Immer online
Vielleicht erinnert sich der ein oder andere noch an folgendes Szenario: Wir schreiben die 70er Jahre und auf dem sogenannten “Telefontischchen” im Flur befindet sich mit dem orangefarbenden Wählscheibentelefon der Post das einzige Telekomminikationsmittel des Haushalts.
Das Theater begann mit dem Klingeln des Telefons, denn selten war man selbst der Adressat des Anrufs. Nein, die Eltern wollten gesprochen werden, also schrie man aus vollem Halse (meistens) nach dem Vater, so als ginge es um Leben oder Tod.
Telefonieren schien damals unglaublich teuer gewesen zu sein, denn ansonsten kann man sich den Affenzahn, mit dem der Vater mit hochroten Kopf angerannt kam, nicht erklären. Und natürlich auch die neben dem Telefon stehende Sanduhr mit der Aufschrift “Fasse dich kurz”.
Gut, das ist jetzt alles schon über 30 Jahre her. Mittlerweile ist das Telefonieren so gefühlt günstig wie noch nie zuvor, allerdings summieren sich die monatlichen Kosten analog der diversen Kommunikationskanäle, die man sich selber in die Welt gelegt hat: Festnetz, Handy, Internet, das alles will ja auch bezahlt werden. Und man bezahlt es gerne, denn man ist etwas, was man früher nicht war und eigentlich auch nie sein wollte: immer online.
Nun bin ich selbst kein nativer Internetnutzer und auch den Zugang zum Handy habe ich sehr spät für mich entdeckt.

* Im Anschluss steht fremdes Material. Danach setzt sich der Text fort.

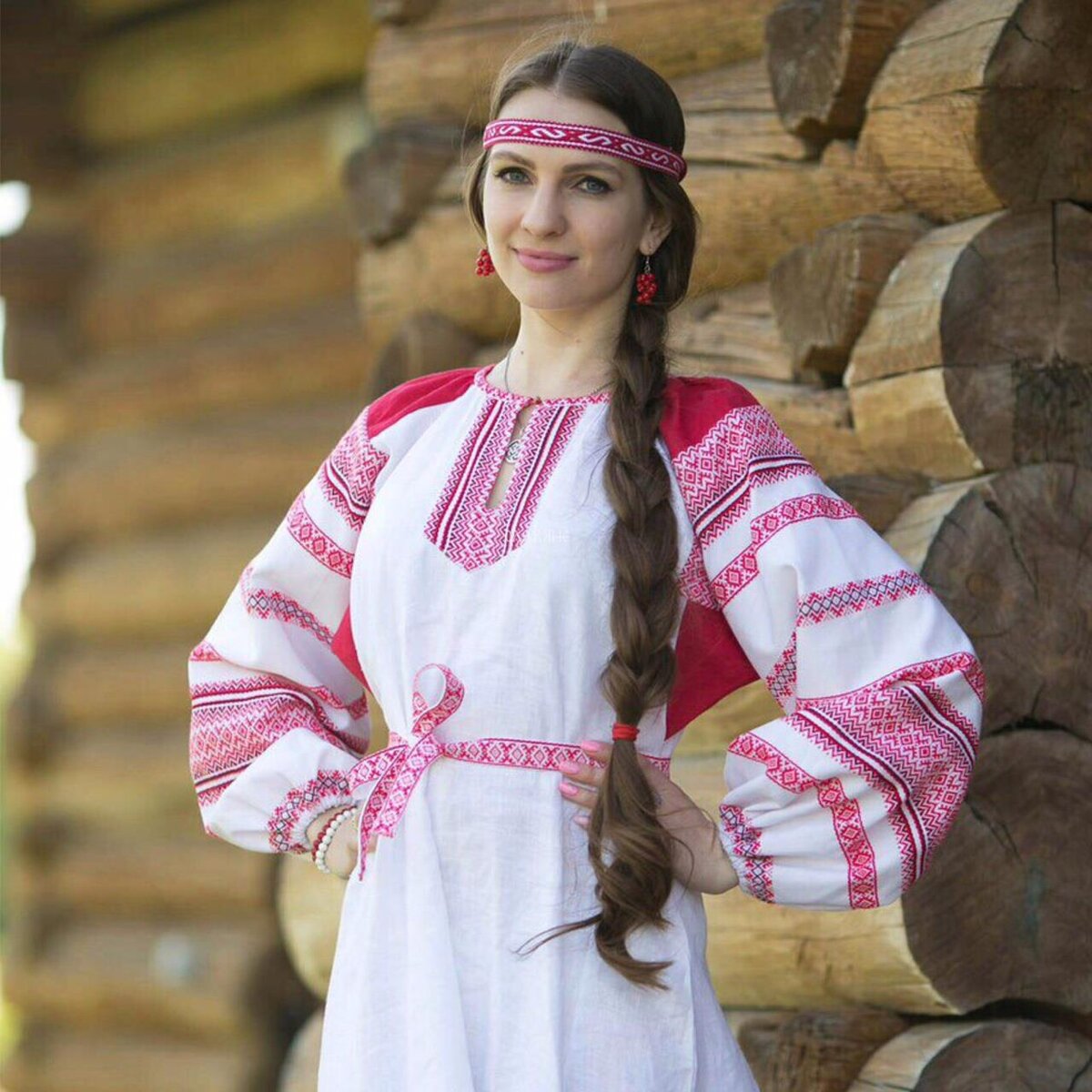 Girls in Slavic costumes in Seville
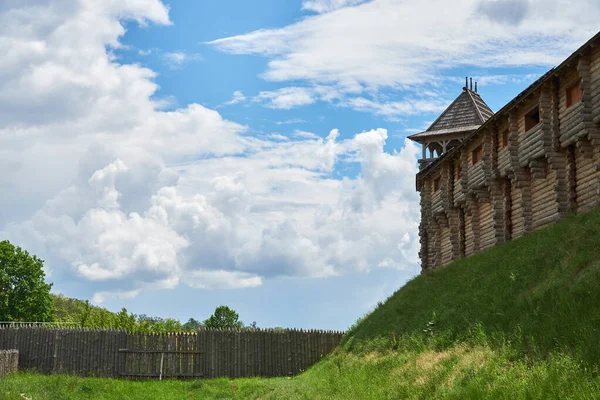 一座带有塔楼 墙壁和栅栏的木制城堡的碎片 重建位于乌克兰基辅地区Kopachov村的11世纪要塞 — 图库照片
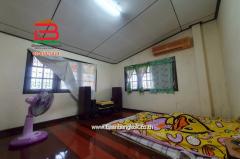 ที่ดินพร้อมบ้าน 2 ชั้น ซอยสุวินทวงศ์ 17 เนื้อที่ 1-1-57 ไร่ ถนนสุวินทวงศ์ แขวงลำผักชี เขตหนองจอก กรุงเทพมหานคร-202505190857121747619832488.jpg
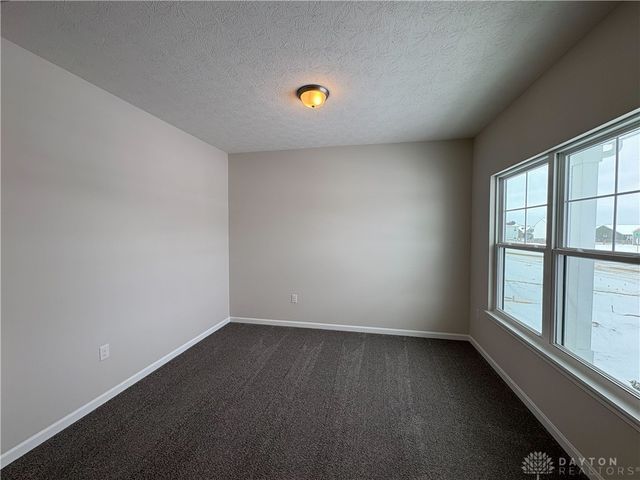 490 Red Maple Lane, Wilmington, OH 45177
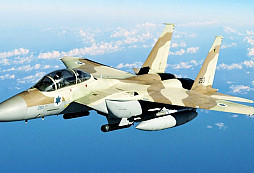 F-15 izraelského letectva bezpečně přistál jen s jedním křídlem - pilota degradovali a hned zase povýšili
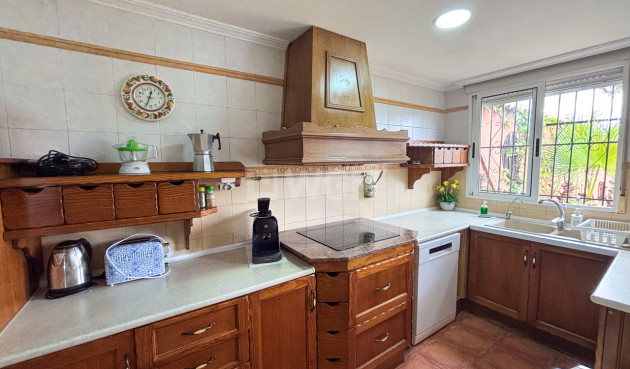 Resale - Villa - Jacarilla - Inland
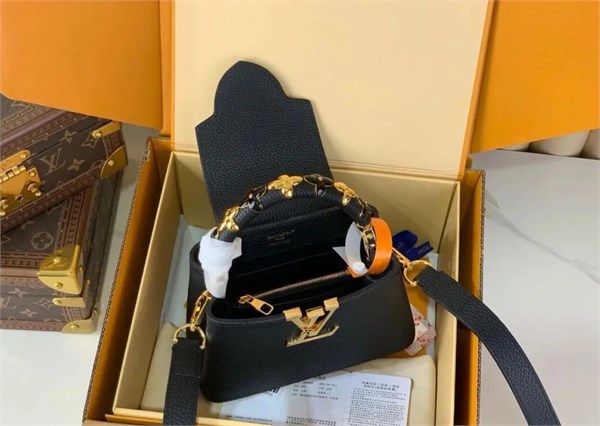 LV黑金小包：解锁穿搭高级感的密钥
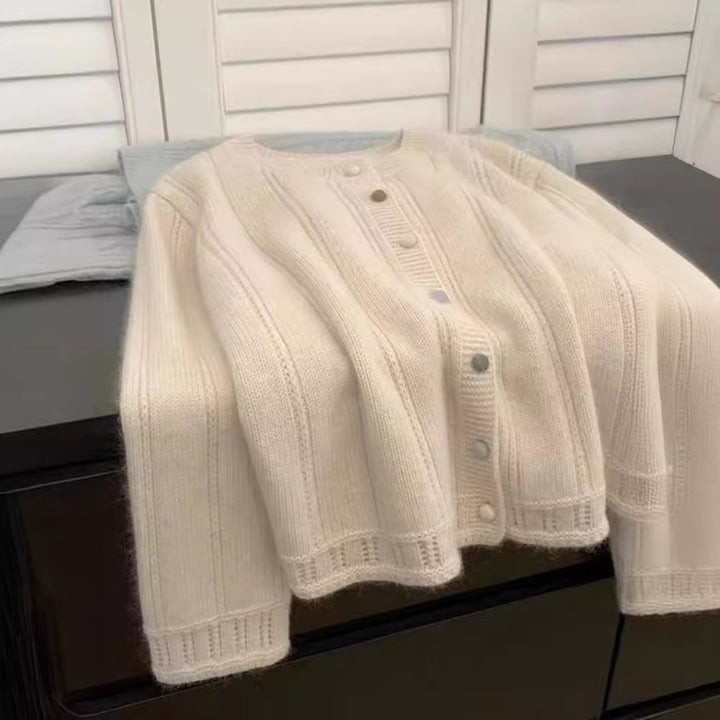 Women's knit jacket with a decorative ribbed design and button closure Lune London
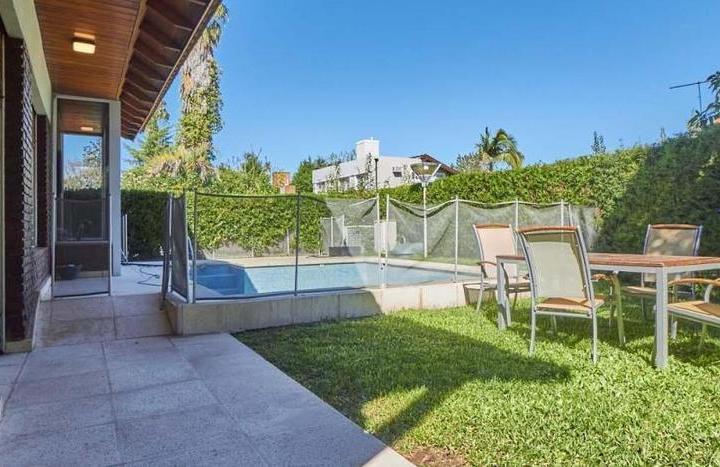 Casa · 160m² · 5 Ambientes · 2 Cocheras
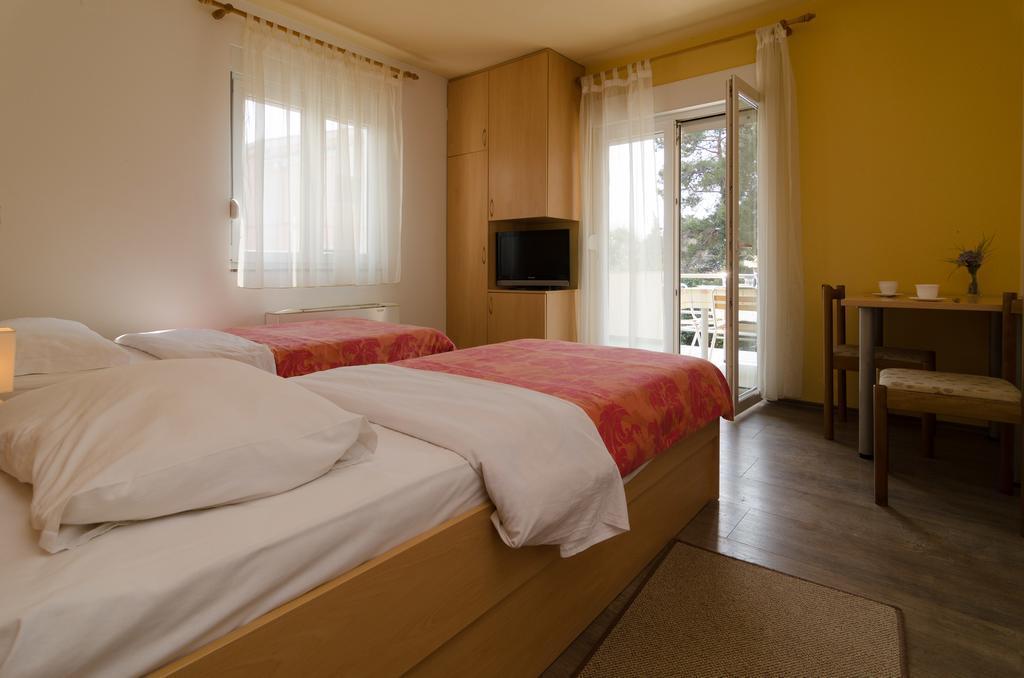 Guesthouse Villa Irena Ζαντάρ Εξωτερικό φωτογραφία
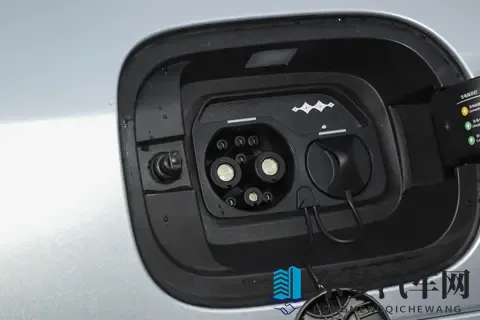 不止于家用，方程豹钛7 2025款 190KM四驱Max版的多元生活探索-3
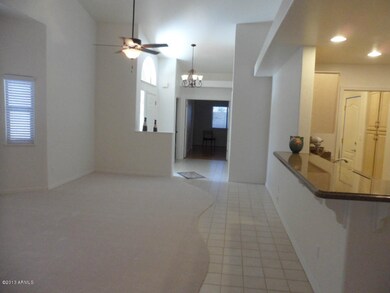 Gratdroom to Entry,Bath and 2nd Bedroom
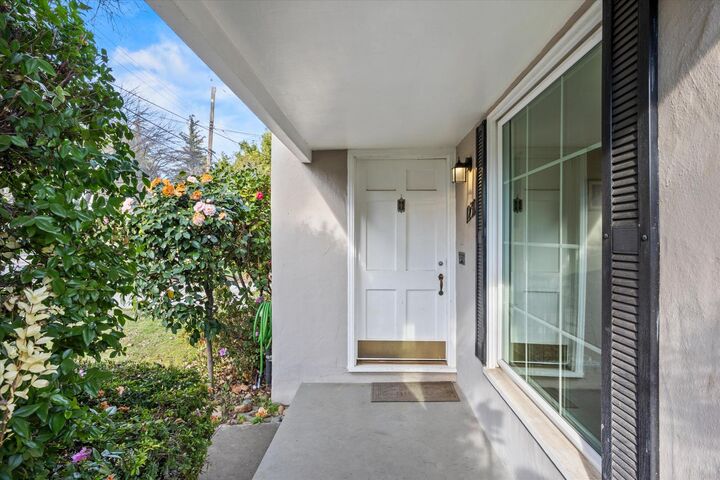 Property Photo:  1231 Rodeo Way  CA 95819 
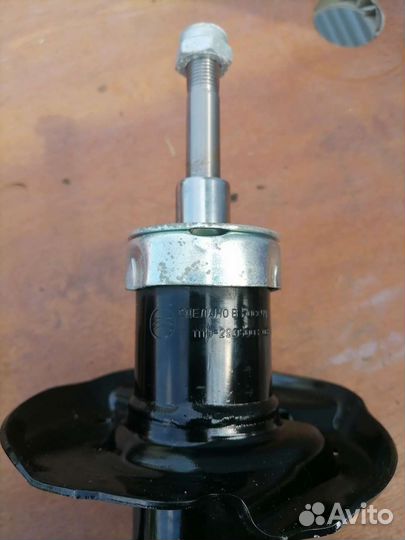 Передние стойки калина 1119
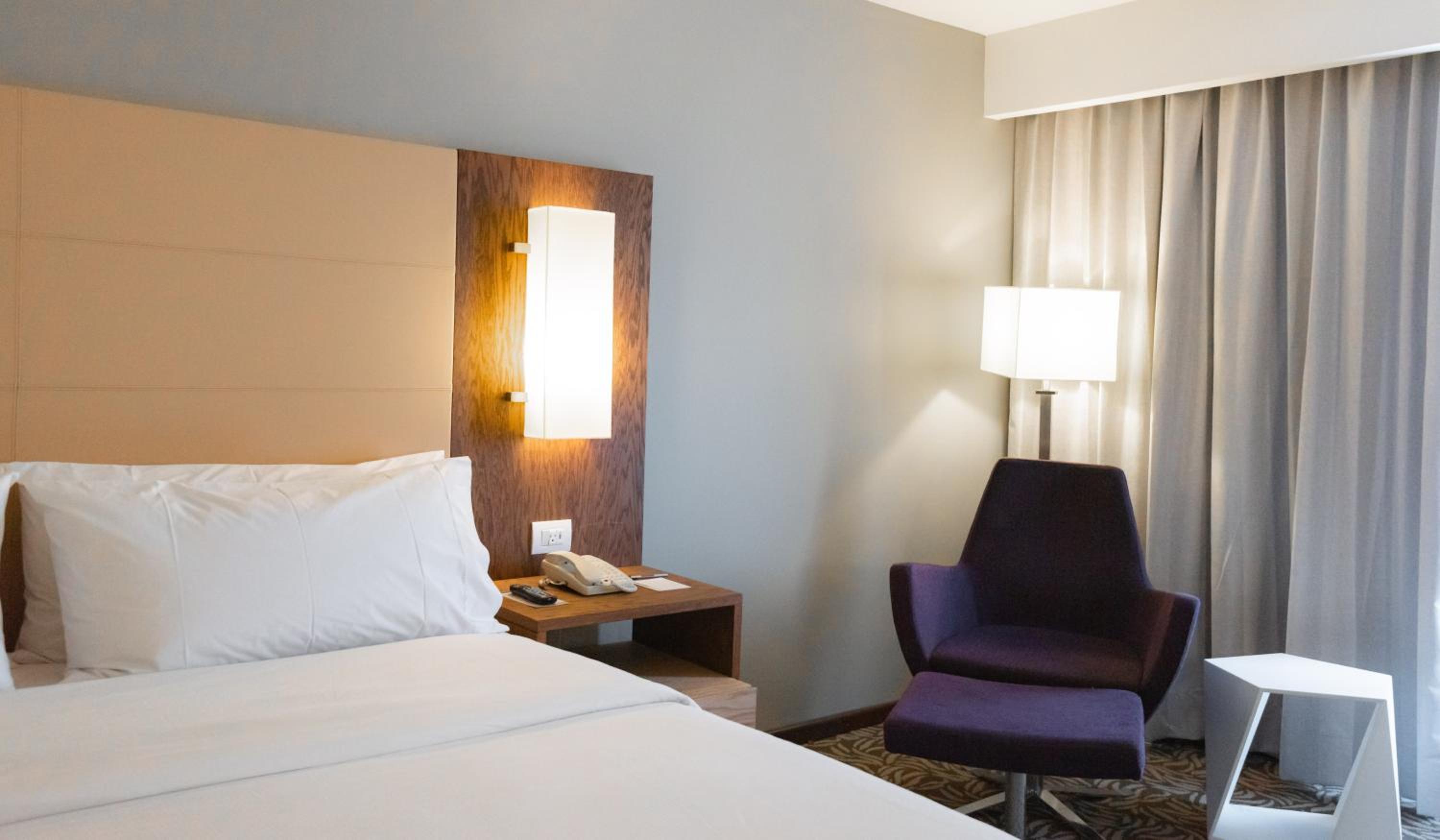 Superior King Room - Photo 3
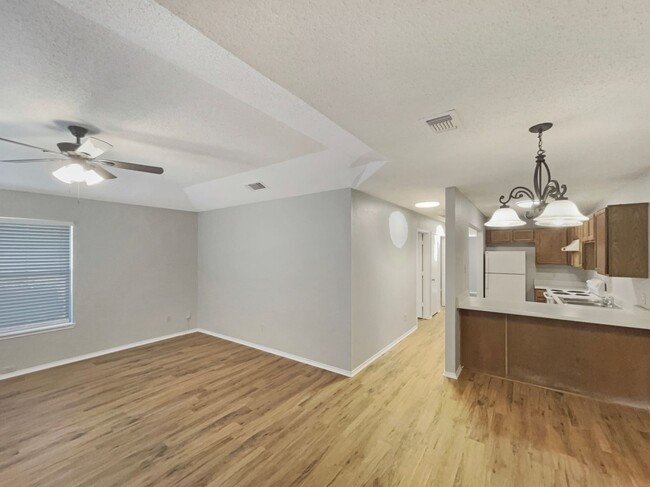 Building Photo - Updated 2 Bed, 2 Bath Duplex in Quiet Cul-...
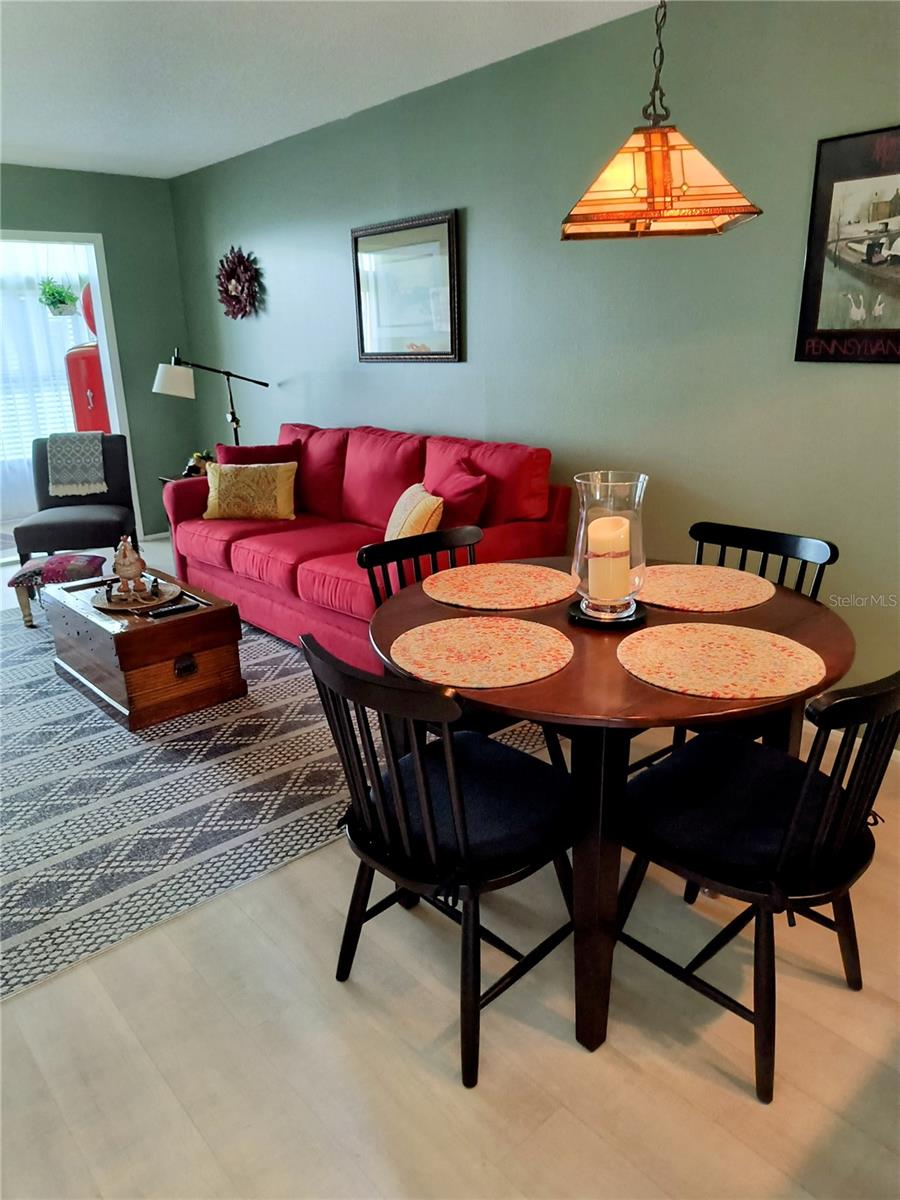 Listing photo id 1 for 4653 Lake Villa Drive B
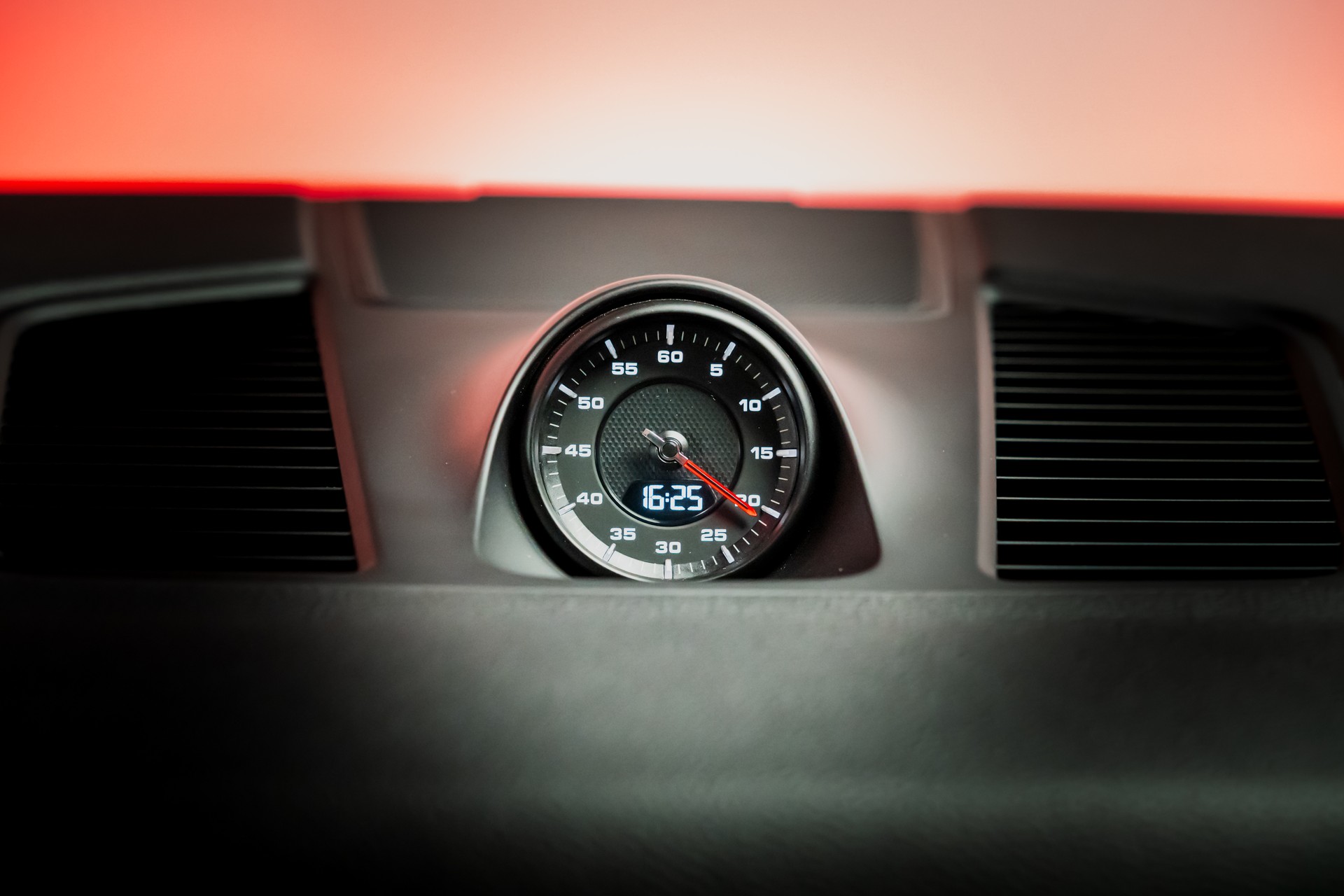 PORSCHE Cayenne Coupé 2.9 V6 S / CH-Fahrzeug / Sport Chrono / Panorama-image-23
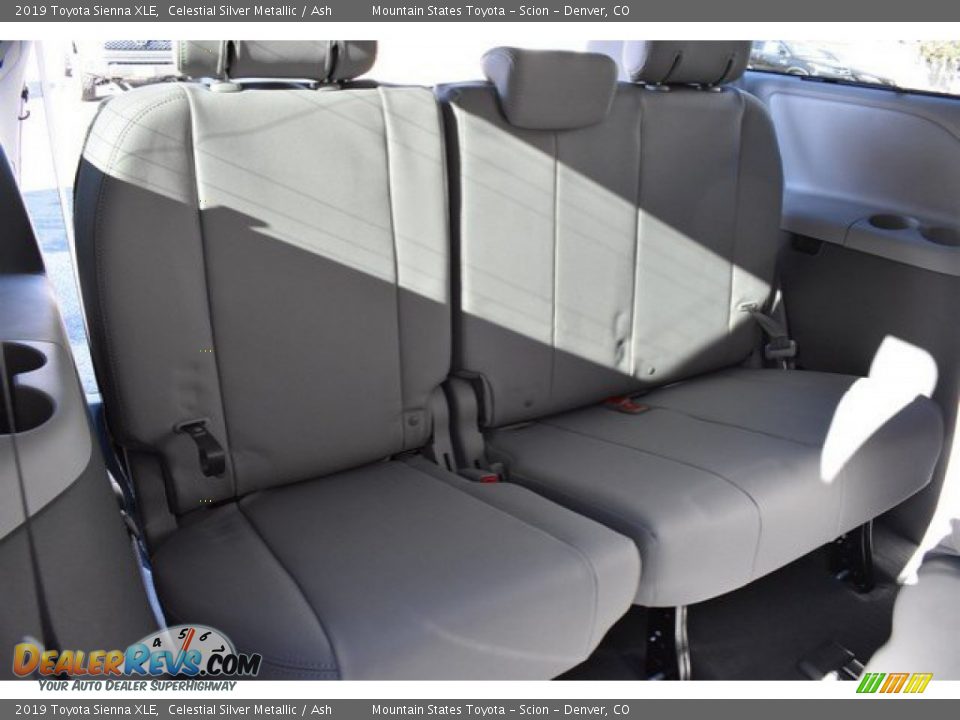 2019 Toyota Sienna XLE Celestial Silver Metallic / Ash Photo #21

Doch sind die digitalen Kommunikationsmedien aus meinem Leben kaum noch wegzudenken, Fluch und Segen gleichermaßen, denn eigentlich hasse ich nichts mehr, als das ständige Herumgefummel an den elektronischen Devices, gerne auch mitten im Gespräch mit jemand anderem. Ich erinnere mich noch daran, als ich in den späten 90er Jahren sehr befremdet war, dass mein Gegenüber im Zug ständig Text ins Handy klimperte. Ich dachte, damit telefoniert man?!?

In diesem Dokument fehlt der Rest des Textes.